On est sur une petite île, on avait une petite station de train, et tout allait bien. Pourquoi a-t-on besoin d’un monstre pareil, si à cinq ou dix minutes d’ici, il y en aura une autre ? Je n’ai jamais compris, et j’aime encore moins avec les retards.

Iris, résidante des Îles-Laval depuis près de 15 ans

L’expert en planification des transports à l’Université de Montréal Pierre Barrieau craint les conséquences qu’auront ces nouveaux reports sur l’usage du transport collectif. « On avait quand même ici une occasion d’aller convaincre les gens, en post-COVID-19, d’embarquer sur le REM. Ce dont j’ai peur, maintenant, c’est que plein de gens adoptent des habitudes, et qu’il soit dur de les convaincre ensuite », résume-t-il.
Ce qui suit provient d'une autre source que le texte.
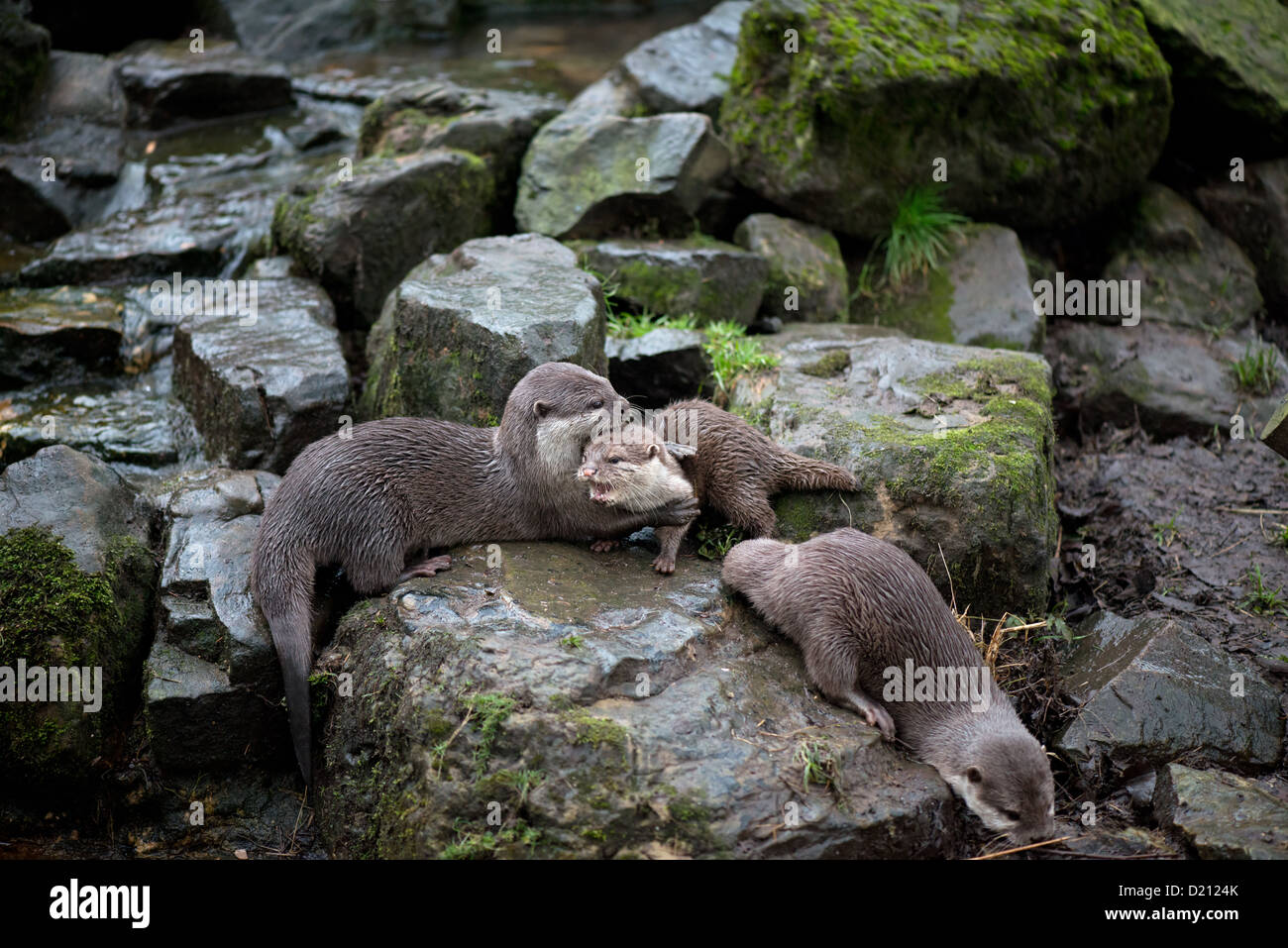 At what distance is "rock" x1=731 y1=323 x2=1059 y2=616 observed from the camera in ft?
14.9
Des explosifs qui ont tout changé

En novembre 2020, la Caisse de dépôt avait annoncé que l’ouverture de l’antenne empruntant le tunnel du mont Royal allait être reportée de 18 mois à la suite d’une détonation « imprévue ». Les 30 000 trous de forage requis pendant les travaux ont donc dû être réalisés à l’aide d’une caméra et d’un système de contrôle à distance, par mesure de sécurité.

Les « conditions générales de dégradation du mur central de la voûte du tunnel sous [l’avenue] McGill College » sont aussi responsables de ces échéanciers allongés, affirme CDPQ Infra, en plus des effets de la COVID-19 sur la main-d’œuvre et l’approvisionnement.
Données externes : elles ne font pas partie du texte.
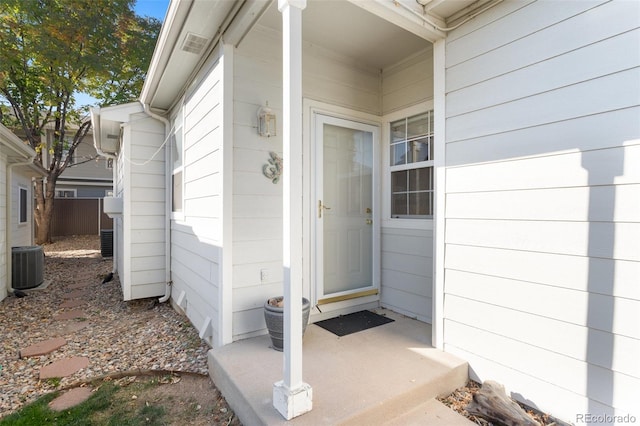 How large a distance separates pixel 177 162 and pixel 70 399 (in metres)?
2.79

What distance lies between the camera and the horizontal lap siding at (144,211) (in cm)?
450

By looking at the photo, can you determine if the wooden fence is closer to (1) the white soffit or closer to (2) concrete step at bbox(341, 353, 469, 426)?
(1) the white soffit

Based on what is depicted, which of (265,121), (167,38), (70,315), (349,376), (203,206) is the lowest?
(70,315)

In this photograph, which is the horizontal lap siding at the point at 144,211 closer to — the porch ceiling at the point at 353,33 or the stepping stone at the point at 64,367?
the stepping stone at the point at 64,367

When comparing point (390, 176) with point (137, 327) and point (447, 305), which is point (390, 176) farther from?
point (137, 327)

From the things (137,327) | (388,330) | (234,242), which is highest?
(234,242)

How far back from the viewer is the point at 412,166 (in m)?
3.41

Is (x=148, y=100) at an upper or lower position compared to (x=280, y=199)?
upper

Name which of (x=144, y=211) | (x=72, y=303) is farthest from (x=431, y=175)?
(x=72, y=303)

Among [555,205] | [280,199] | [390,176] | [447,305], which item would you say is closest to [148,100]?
[280,199]

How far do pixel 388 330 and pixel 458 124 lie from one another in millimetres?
1877

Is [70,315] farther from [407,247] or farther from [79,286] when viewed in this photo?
[407,247]

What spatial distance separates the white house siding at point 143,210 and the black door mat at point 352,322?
9.28ft

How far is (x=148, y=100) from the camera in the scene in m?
Result: 4.28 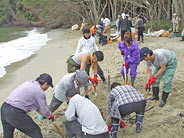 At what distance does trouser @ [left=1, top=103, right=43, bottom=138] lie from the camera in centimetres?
232

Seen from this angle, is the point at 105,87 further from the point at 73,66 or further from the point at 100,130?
the point at 100,130

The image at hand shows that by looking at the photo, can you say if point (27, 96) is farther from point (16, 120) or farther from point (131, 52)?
point (131, 52)

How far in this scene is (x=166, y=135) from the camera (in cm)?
283

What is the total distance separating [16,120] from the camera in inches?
92.9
Aux citoyens frustrés par ces nouveaux retards, le porte-parole de CDPQ Infra, Jean-Vincent Lacroix, suggère de « prendre un pas de perspective ».
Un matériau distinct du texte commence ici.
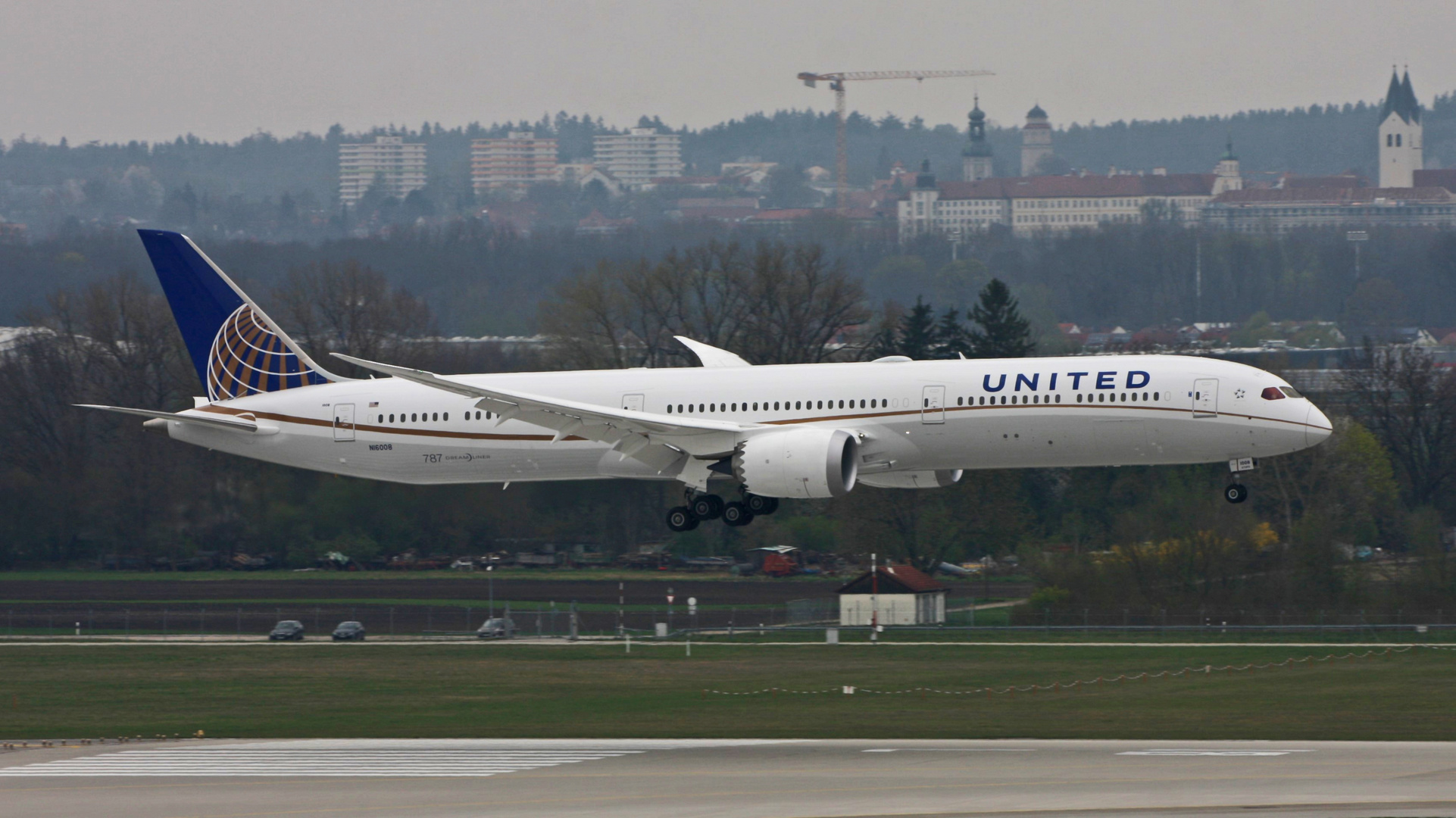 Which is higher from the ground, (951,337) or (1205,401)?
(951,337)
On parle d’un projet d’abord annoncé en 2016, et en bout de ligne, qu’on va livrer fin 2024. Moins de 10 ans pour bâtir 67 km de métro léger, c’est un très bon calendrier à l’échelle mondiale.

Jean-Vincent Lacroix, porte-parole de CDPQ Infra

Ces nouveaux retards entraîneront forcément une hausse des coûts. L’estimation de 6,9 milliards ne sera pas respectée, mais on ignore le coût final. Lundi, le ministre des Transports, François Bonnardel, a indiqué que la situation du tunnel du mont Royal était « très imprévisible ». « On aurait aimé avoir une livraison plus tôt, mais les impondérables et ces situations nous amènent à continuer d’appuyer la Caisse », a-t-il noté, en assurant que Québec n’hésitera pas à bonifier les mesures d’atténuation au besoin. « Présentement, les services que nous offrons font le boulot », a-t-il jugé.